By William Isaac, Published by The Chicago Tribune

Former Treasury Secretary Henry Paulson rushed to Capitol Hill last fall to request $700 billion in emergency funding to purchase “toxic” assets (e.g., mortgage-backed securities) from banks. He got his $700 billion, no questions asked, but then decided to invest most of the money in bank capital instead of bad loans. That midcourse correction was one of the best decisions made during the past six months.
Many people, inside and outside government, continue to be obsessed with the notion of taxpayers buying up toxic assets. They contend it is necessary to get bad loans out of the banks before they will resume lending.

That view represents a serious misdiagnosis of the problem. Purchasing hundreds of billions of assets from the banks will not cause them to resume consumer lending to any material degree. The banks do not have the capital or risk appetite to add materially to their consumer loan portfolios — they will make new consumer loans only if they can securitize and sell them.

Our focus needs to be on getting securitizations going again. We can buy up bad loans (at enormous cost to taxpayers) or we can use our precious dollars to promote new lending. The choice between those two options is a no-brainer. Among other things, reopening the credit markets for new loans will ultimately allow many of the existing loans to be restructured and refinanced.

Three things are needed to energize the credit markets and the economy.

First, we need to build bank capital by continuing to invest in the banks.
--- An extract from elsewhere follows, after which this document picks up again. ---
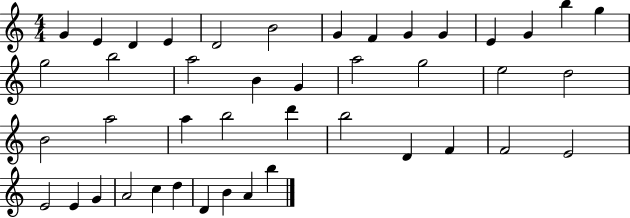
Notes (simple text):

G4/q E4/q D4/q E4/q D4/h B4/h G4/q F4/q G4/q G4/q E4/q G4/q B5/q G5/q G5/h B5/h A5/h B4/q G4/q A5/h G5/h E5/h D5/h B4/h A5/h A5/q B5/h D6/q B5/h D4/q F4/q F4/h E4/h E4/h E4/q G4/q A4/h C5/q D5/q D4/q B4/q A4/q B5/q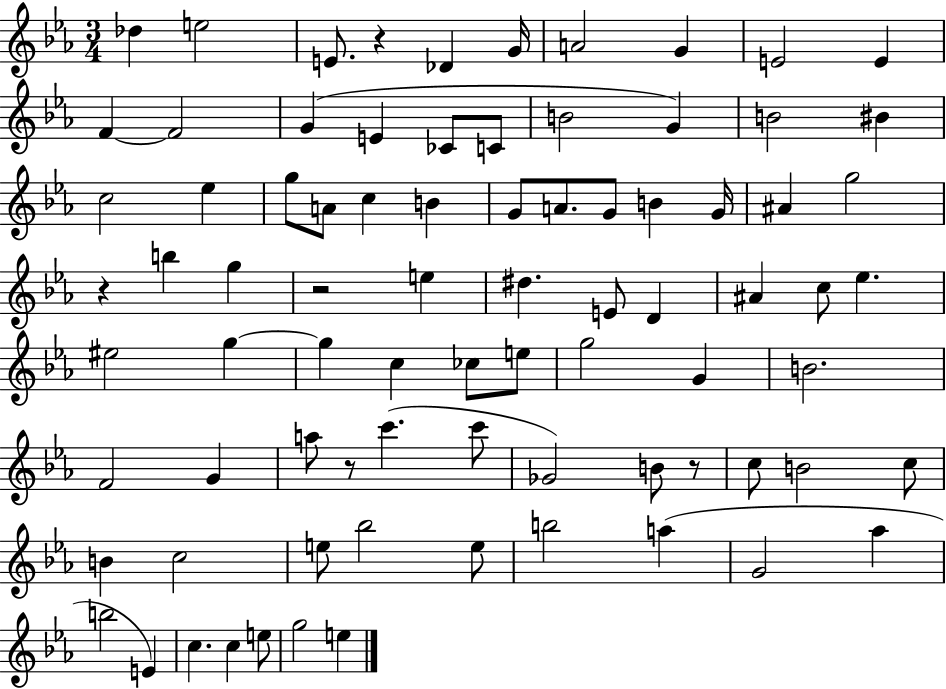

Thus far, taxpayer investments in bank capital have replaced less than half of the capital the Securities and Exchange Commission’s ill-conceived mark-to-market accounting rules have destroyed. Banks seeking taxpayer capital should be required to submit business plans for prudently increasing their lending over a reasonable period.

Second, we need to issue, for a fee, government guarantees (insurance) to enhance the credit-worthiness of securitizations of new consumer loans. This requires no deficit financing, does not involve the government in managing and collecting a bunch of bad loans, and, if structured properly, should entail reasonable costs to taxpayers.